A break in history

250th anniversary

Ludwig van Beethoven


A break in history

Symphony No. 3 in E flat major, Op. 55 "Eroica"
Bamberg Symphony Orchestra
Conductor: Joseph Keilberth

Teatro Colón, April 3, 1962.

Symphony No. 3 in E flat major, Op. 55 "Eroica" is one of the most important works in the history of music. It was composed in 1803, but its premiere was not until two years later, in 1805, in Vienna. This symphony (in strictly musical terms) is almost as well known as the history of its name, and it highlights both Beethoven's genius and his deep convictions.

Daniel Barenboim, an undisputed reference in Beethoven's repertoire, said of the “Eroica”: "I doubt very much that, in all the history of art, there has been such a significant leap forward in such a short time". “Eroica” is a musical equivalent to the arrival to the moon, a milestone that not only affects the environment in which it was conceived, but also other human manifestations. This symphony captures, and somehow initiates, the romantic aesthetic and tradition of the great symphonies. The dimensions (in temporal and sound terms) plus the expressive freedoms that Beethoven took, completely without precedent, make this work a true foundational pillar of the Romantic period.

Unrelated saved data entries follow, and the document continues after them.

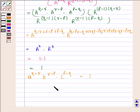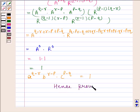Hence we have proved that the left-hand side is equal to the right-hand side. This completes the session. Bye and take care.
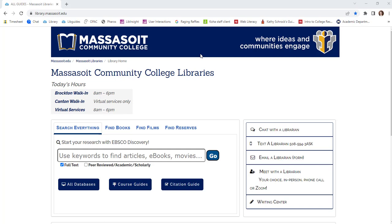You can begin your research right from the homepage. This is our discovery search, where you can search for articles, ebooks, and more. To search for books, click on the Find Books tab. To search for streaming videos or DVDs, click on Find Films.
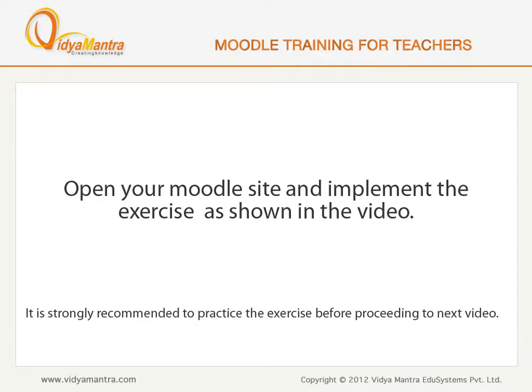Open your Moodle site in your computer and implement the exercise before proceeding to the next video.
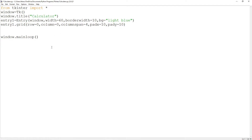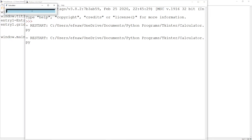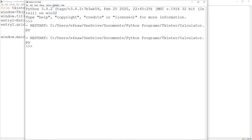Let's save and run our program. You can see we've just created our display window, and the title is a bit more pronounced now. If you type something in there, that's where the display for the numbers will actually appear. Now let's go and create the buttons for our calculator.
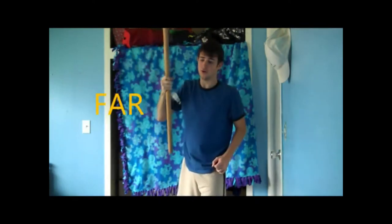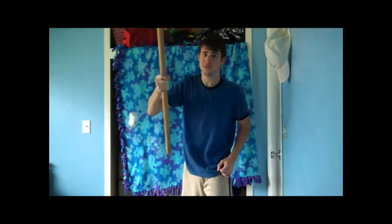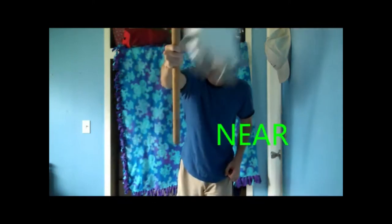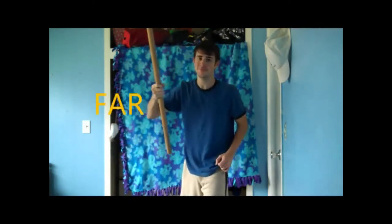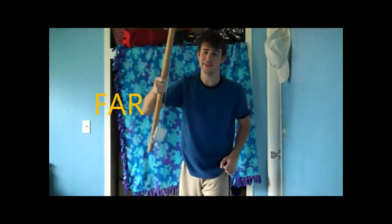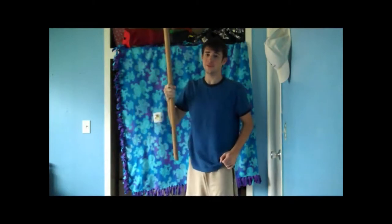Near, far, near, far, near, and far. Pretty awesome, huh?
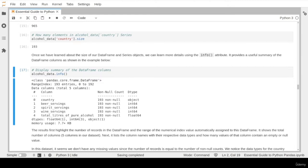The info attribute also tells us about the number of columns — five different columns — and shows a nice table with column details: column number, column names such as country name, beer serving, and total liters, and information about the number of non-null or missing values. You can use this number to tell whether you have missing values and what their size is. In this particular DataFrame, all columns have values — no missing values — since we have 193 records and none have null values.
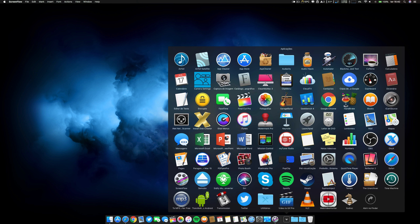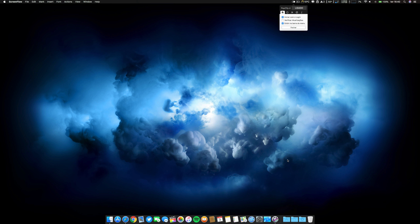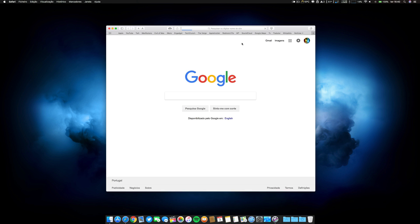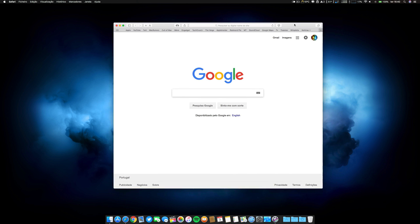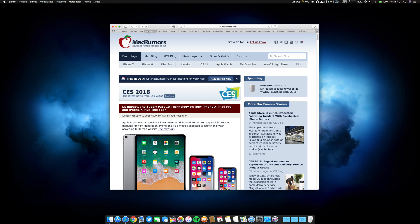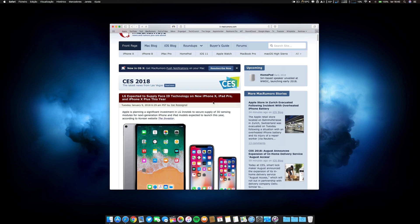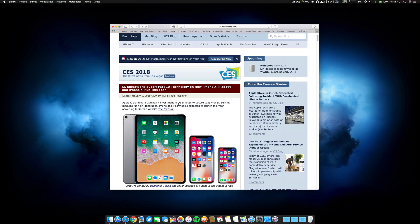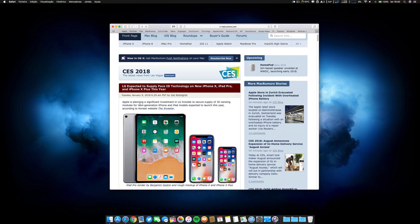This one is called PopClip. I use it every day. What this application does is, let's go ahead, for example, here to an article on MacRumors. I want, for example, to know what Apple means.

From the impetuous development of the first movement, through the funeral march of the second and the vigorous scherzo of the third, to the final movement that functions as a corollary to the monumental work, Beethoven manages to write a true declaration of aesthetic and ideological principles. In the composer's life, this work was a strong symbol of overcoming, since he may have been going through one of the darkest moments of his life. This situation can be seen in his so-called "Heiligenstadt Testament", a letter (never sent) that he wrote to his brothers at the end of 1802 openly declaring his desire to put an end to his life, which had been hit by the advance of deafness among other tragedies.

The story goes that Beethoven originally thought of dedicating Symphony No. 3 to Napoleon Bonaparte, with whom he shared his ideals and struggle against tyranny. Ferdinand Ries (a student of Beethoven at the time) wrote that when Bonaparte proclaimed himself emperor, the composer tore up the sheet of paper with the dedication. Finally, the phrase that opens the score is "Heroic Symphony, composed to celebrate the memory of a great man".